Leave out the pictures and reproduce all of the data exactly.
---------- Data provided
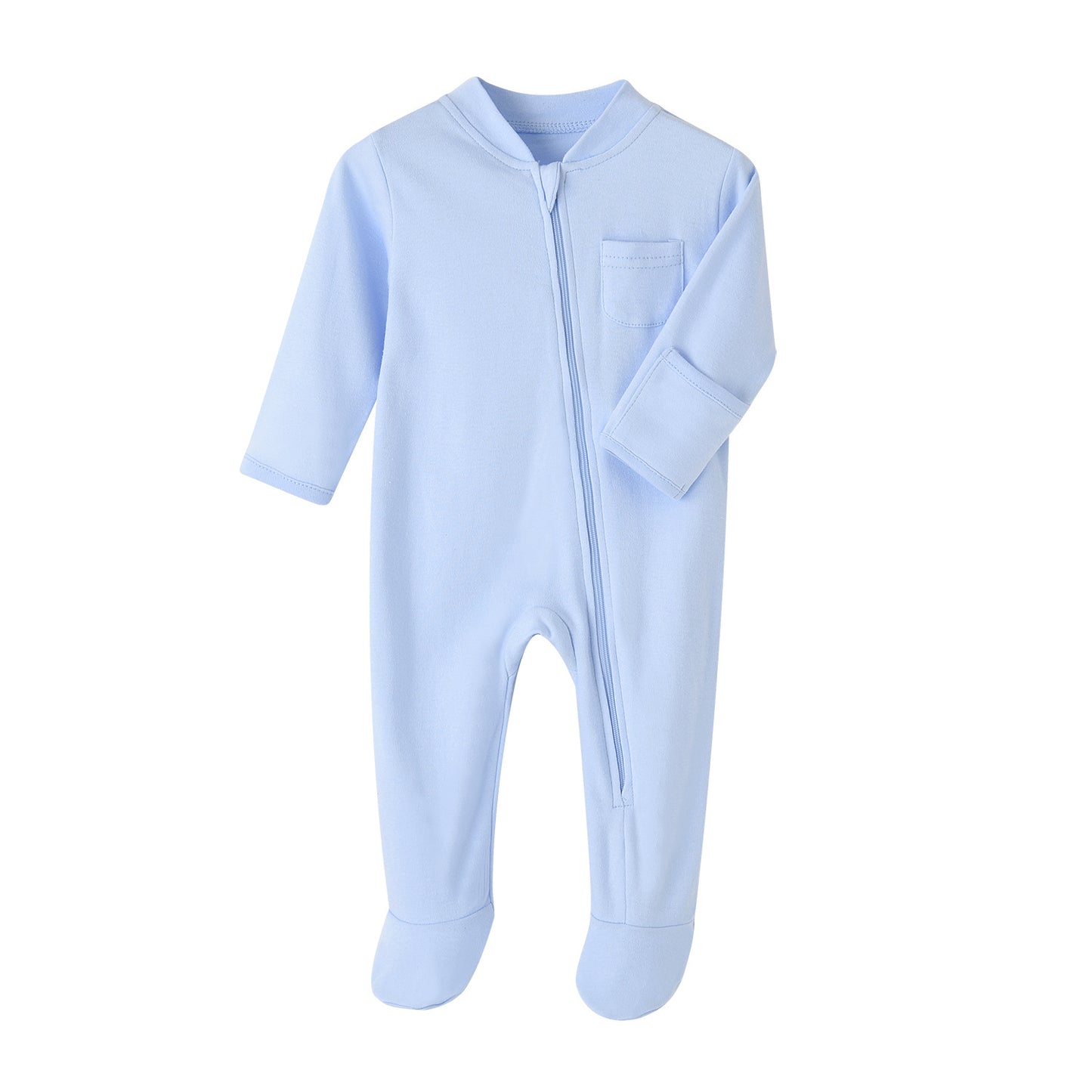 Light blue baby romper with long sleeves and footed design, featuring a front zipper and a small chest pocket.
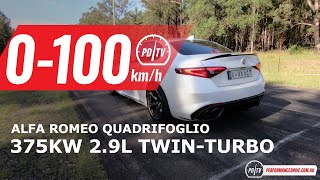 2021 Alfa Romeo Giulia Quadrifoglio 0100kmh amp engine sound [upl. by Ailaza]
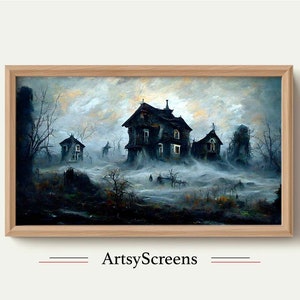サムスンフレームテレビアート、お化け屋敷の絵画、ハロウィーンアート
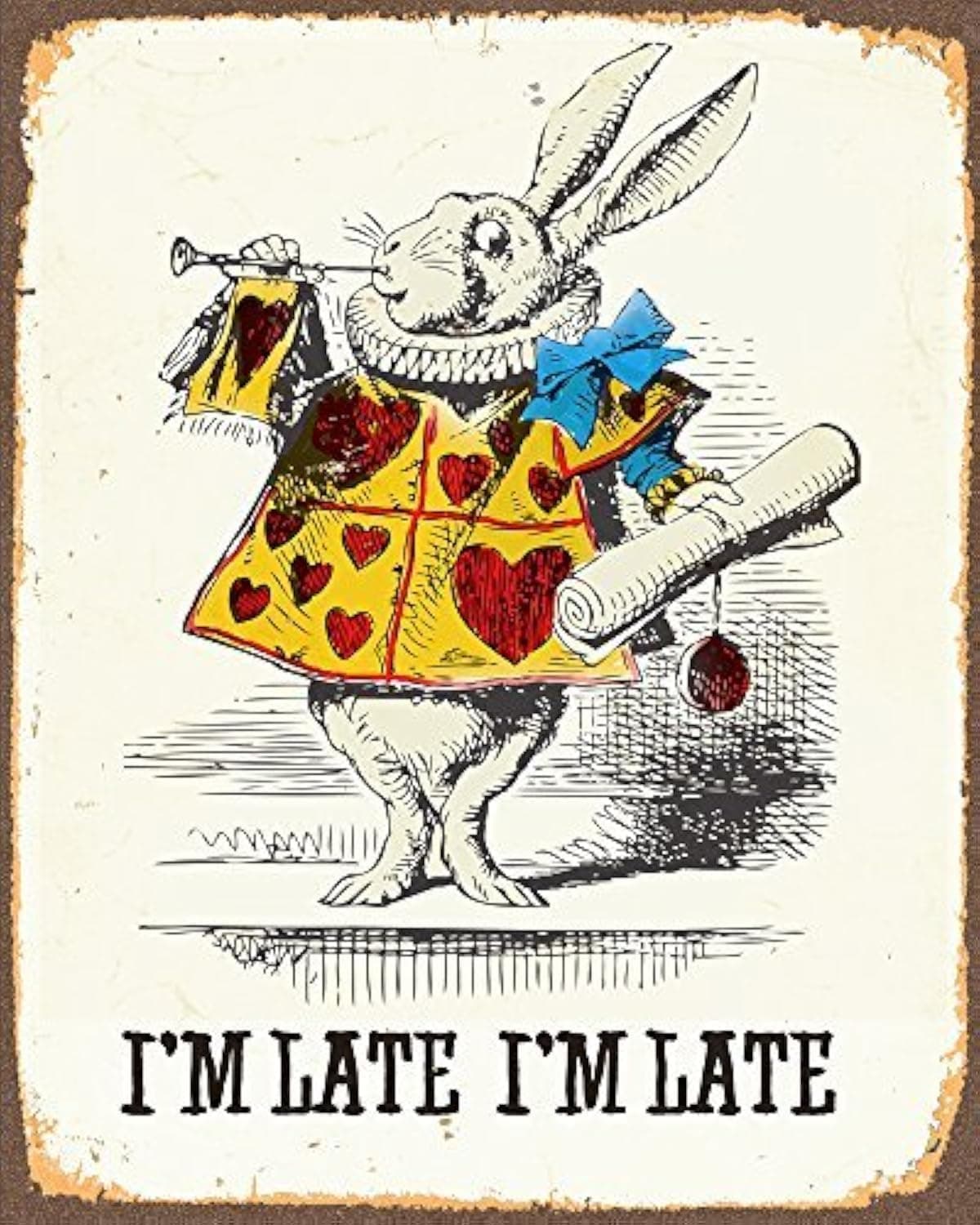 Alice in Wonderland White Rabbit No Wonder I'm Late Metal Wall Sign Plaque Vintage Retro Poster Art Picture Print
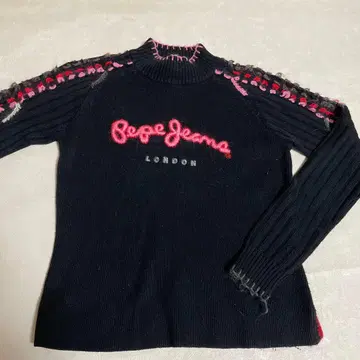 Pepe Jeans LONDON 로고 자수 리브 니트 스웨터 M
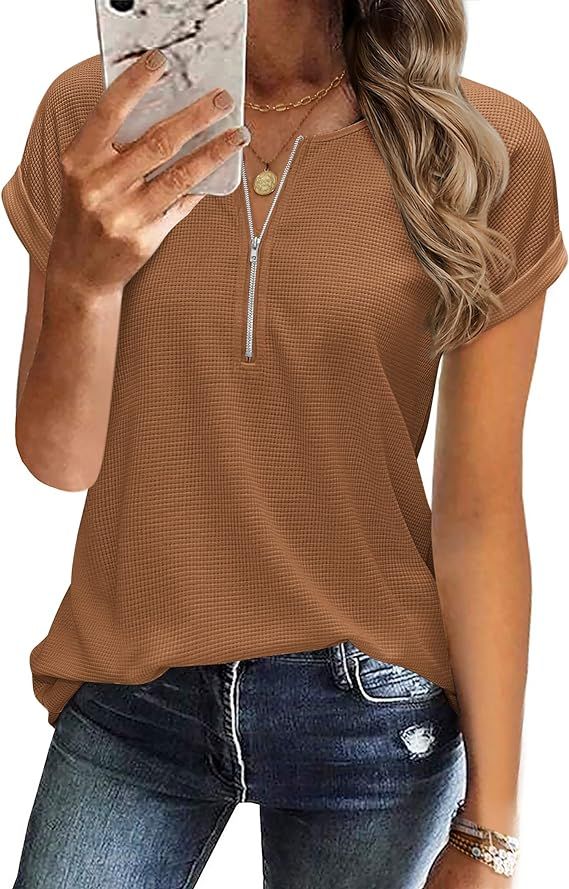 Zeagoo Women's Casual Rolled Short Sleeve Tops Half Zip Shirts Loose Waffle Knit T Shirts Blouse | Amazon (US)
--------------------
**Your solution**
 Light blue baby romper with long sleeves and footed design, featuring a front zipper and a small chest pocket.
 2021 Alfa Romeo Giulia Quadrifoglio 0100kmh amp engine sound [upl. by Ailaza]
サムスンフレームテレビアート、お化け屋敷の絵画、ハロウィーンアート
 Alice in Wonderland White Rabbit No Wonder I'm Late Metal Wall Sign Plaque Vintage Retro Poster Art Picture Print
 Pepe Jeans LONDON 로고 자수 리브 니트 스웨터 M
 Zeagoo Women's Casual Rolled Short Sleeve Tops Half Zip Shirts Loose Waffle Knit T Shirts Blouse | Amazon (US)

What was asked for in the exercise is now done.